Posted Under Commodity News, On 04-03-2026
Source: mining.comSunrise Energy Metals (ASX:SRL), the Australian scandium miner backed by Robert Friedland, announced Tuesday it has completed the feasibility study for the Syerston project, demonstrating a pathway to 60 tonnes per year of scandium oxide (Sc2O3) capacity to meet growing global demand.
The feasibility study confirms a capital cost of $120 million and an average life-of-mine direct, site-level cash operating costs of $534 per kilogram of Sc2O3 over a 32-year mine life in Phase 1 of the project.
The $120 million development costs are to produce 60 tonnes per year of scandium oxide with C1 cash operating costs of $534/kg – positioning Sunrise as a globally competitive, low-cost producer, it said.
Syerston was one of the Australian projects classified as being of great importance to national security by both the U.S. and Australia during President Trump’s meeting with Australian Prime Minister Anthony Albanese in October 2025.
Scandium is a strategic metal for strengthening aluminum alloys used in aerospace, defense, and automotive industries, and also in solid oxide fuel cells powering AI data centres.
With China controlling 80-85% of global supply and now restricting exports, Western customers are seeking alternative supply options.
The Syerston project represents one of the few significant non-Chinese sources of scalable supply in development today that can meet this immediate strategic need, the company said.
Located about 450 km west of Sydney, the Syerston project holds one of the world’s largest and highest-grade deposits of scandium. A 2025 resource update showed it has nearly 46 million measured and indicated tonnes grading 414 parts per million scandium.

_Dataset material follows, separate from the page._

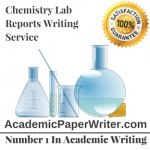Chemistry Lab Reports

“There are few examples better than scandium to demonstrate the importance of critical minerals in today’s geopolitical landscape,” Sunrise’s co-chairman Friedland said in a news release. “Whether in rapidly deployable power generation for AI data centres, defence-sector aerospace alloys or as the foundation for a new generation of 6G wireless communications architecture or solid-state memory chips, scandium is indispensable.”
“We find ourselves at an extraordinary juncture in history, where access to a handful of metals is directing one of the most rapid and aggressive global public policy responses seen since war time, and one that is likely to be sustained for many years,” CEO Sam Riggall said.
“The completion of the Feasibility Study marks a pivotal moment… for the Western world’s ability to access a metal that is rapidly becoming indispensable.”